# Causal Modeling in Python: Bayesian Networks in PyMC

While I was off being really busy, an interesting project to learn PyMC was discussed on their mailing list, beginning thusly:

I am trying to learn PyMC and I decided to start from the very simple discrete Sprinkler model.
I have found plenty of examples for continuous models, but I am not sure how should I proceed with conditional tables, especially when the condition is over more than a variable. How would you model a CPT with PyMC, and in particular the Sprinkler model?

I spend all my time on continuous models these days, and I miss my old topics from back in grad school. Not that this is one of them, exactly. But when I found myself with a long wait while running some validation code, I thought I’d give it a try. The model turned out to be simple, although using MCMC to fit it is probably not the best idea.

The model:

A simple causal network

The model is a simple causal network, which says that two things cause the grass to be wet, the rain and the sprinkler. And the absence of rain causes the sprinkler to be used. But all of these things happen with conditional probabilities, which are known.

The Question:
Questions about causality gets me very confused, and are a topic of philosophy that I would like to learn more about one day. But questions about the probability of events in discrete probability spaces are (were?) my specialty. So I will ignore the direction of the arrows in the figure above, and basically ignore the figure, and focus on the conditional probabilities. We can find the probability that the grass is wet if it is raining by summing over the possibilities for the sprinkler system. But what is the probability that it is raining if the grass is wet?

That question is a good homework exercise on Bayes Rule, and the wikipedia link above work out the full details in by hand. But isn’t there some way to have my computer do the work?

Yes, of course. And it doesn’t take much code:

```# sprinkler.py
import pylab as pl
import pymc as mc

G_obs = [1.]
N = len(G_obs)

R = mc.Bernoulli('R', .2, value=pl.ones(N))

p_S = mc.Lambda('p_S', lambda R=R: pl.where(R, .01, .4),
doc='Pr[S|R]')
S = mc.Bernoulli('S', p_S, value=pl.ones(N))

p_G = mc.Lambda('p_G', lambda S=S, R=R:
pl.where(S, pl.where(R, .99, .9), pl.where(R, .8, 0.)),
doc='Pr[G|S,R]')
G = mc.Bernoulli('G', p_G, value=G_obs, observed=True)
```

This is all it takes to implement the sprinkler model in PyMC. I call your attention to a few details:

• Initial values: the `value=...` parameters in the unobserved stochastic nodes are not required, and if they are left out, PyMC will initialize them randomly from the prior distribution.
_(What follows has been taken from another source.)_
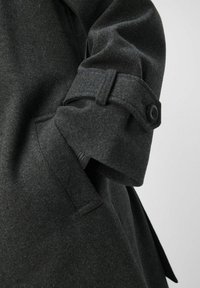 Manche de manteau en laine gris foncé présentant un poignet boutonné, un design ajusté et une texture de tissu structuré avec des détails de couture visibles.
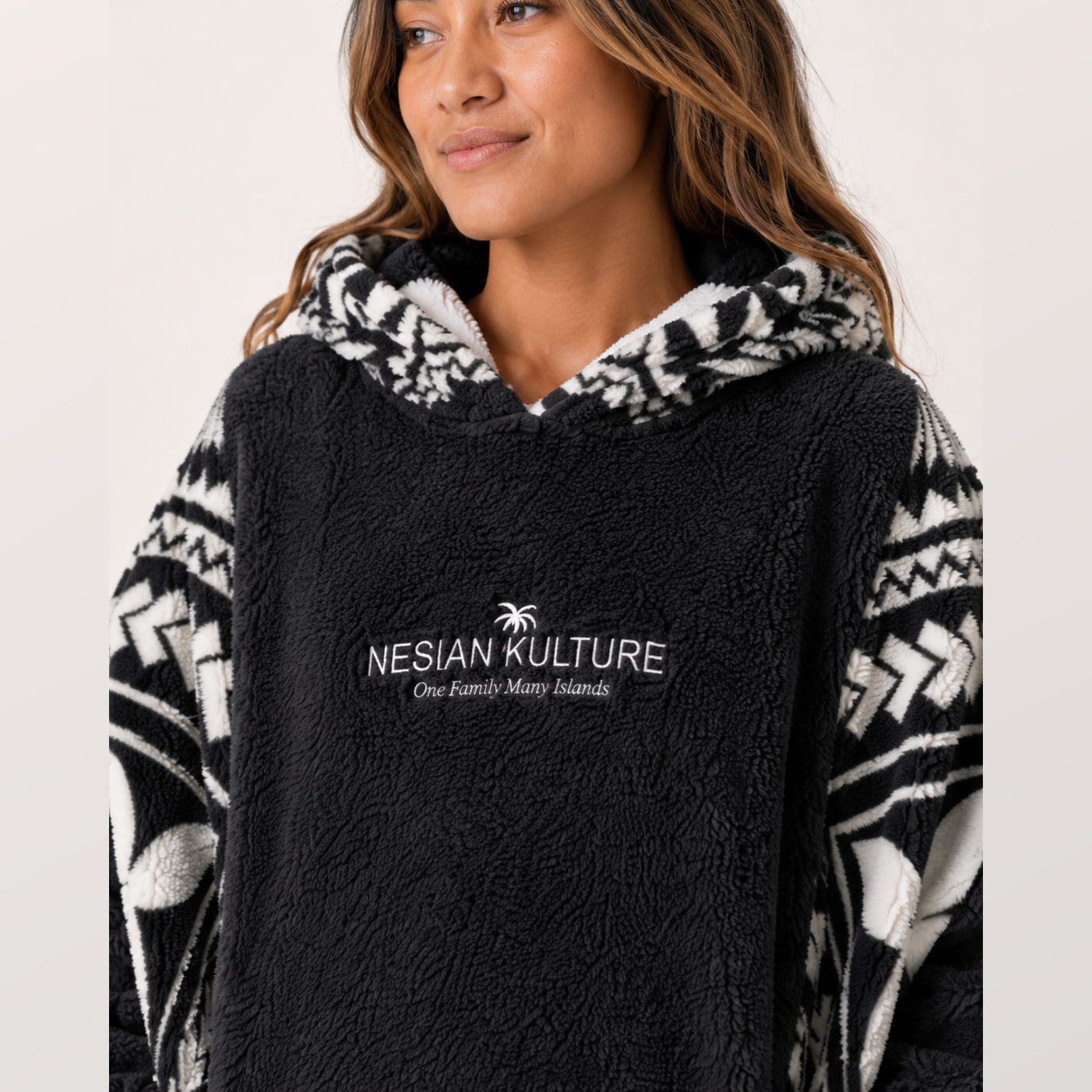 Nesian Kulture charcoal fleece snug hoodie close-up showing chest logo, hood lining and soft fabric texture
But there is a state that is impossible in this model (wet grass without sprinkler or rain), and there will be annoying errors when this is chosen as the random initial values.
• Names and docs: I have a great regret from a model I made with nice descriptive names for all the stochastic nodes. Ever since then I’ve used names that correspond exactly to Python variable names. If I want to be descriptive about what the node is for, I’m going to use the `doc` parameters. I hope that goes well.
• `Lambda` deterministic nodes: a lot of recent work has gone into making deterministic nodes automatically in PyMC, so there might be a cooler way to implement these conditional probabilities. This approach is clean, and I like it for keeping my example simple, but it feels like I’m missing something cleaner and simpler and ready to scale to a not-so-simple example.
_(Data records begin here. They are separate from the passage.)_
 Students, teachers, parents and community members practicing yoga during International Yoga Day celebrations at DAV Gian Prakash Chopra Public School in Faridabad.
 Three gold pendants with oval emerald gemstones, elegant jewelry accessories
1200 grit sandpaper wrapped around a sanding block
Fitting this model with MCMC is silly. It is easy to work out by hand, and wikipedia does, so you could just look it up. And if you have a version where you don’t know the answer, then belief propagation is a much more efficient way to find it (and is correct as long are there are no loops in the causal network). But it is also easy. Maybe it is worthwhile then, since it only takes two lines of code:

```import sprinkler
m = mc.MCMC(sprinkler)
m.sample(100000)
```

To make sure it is worthwhile, though, you need to convince yourself that the MCMC mixes, and that you have enough samples to an estimate with sufficient accuracy. Since the exact answer is easy to work out, this is a fun relationship to explore experimentally. Here is the relationship between the number of MCMC iterations and the median absolute error in the estimated probability of rain given wet grass over 10 replications:

The estimate can be pretty accurate if you wait long enough.

Homework:
The practical extension of this is to figure out a nice way to collect up the conditional probability distributions in the general case. And just figuring out what they are is a worthy topic of many Ph.D. dissertations.
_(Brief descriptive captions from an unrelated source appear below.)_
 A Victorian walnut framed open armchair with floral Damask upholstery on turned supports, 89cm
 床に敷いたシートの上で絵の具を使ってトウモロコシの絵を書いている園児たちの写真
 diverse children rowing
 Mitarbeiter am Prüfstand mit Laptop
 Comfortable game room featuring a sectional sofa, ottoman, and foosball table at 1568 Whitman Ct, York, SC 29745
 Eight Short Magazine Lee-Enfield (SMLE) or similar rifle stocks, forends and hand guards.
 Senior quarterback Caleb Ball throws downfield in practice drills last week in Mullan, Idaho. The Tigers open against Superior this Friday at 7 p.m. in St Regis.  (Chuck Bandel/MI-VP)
The theoretical question that this left me with is when does MCMC work for this, and how long does it take? With some assumptions on the structure of the Bayesian network and the conditional probability distributions, you might be able to prove something interesting.

And the big question is how do you come up with these networks in the first place, and how do you know if you’re right (or right enough)? You probably need to be much more of a statistician and much more of a philosopher than I to sort that one out.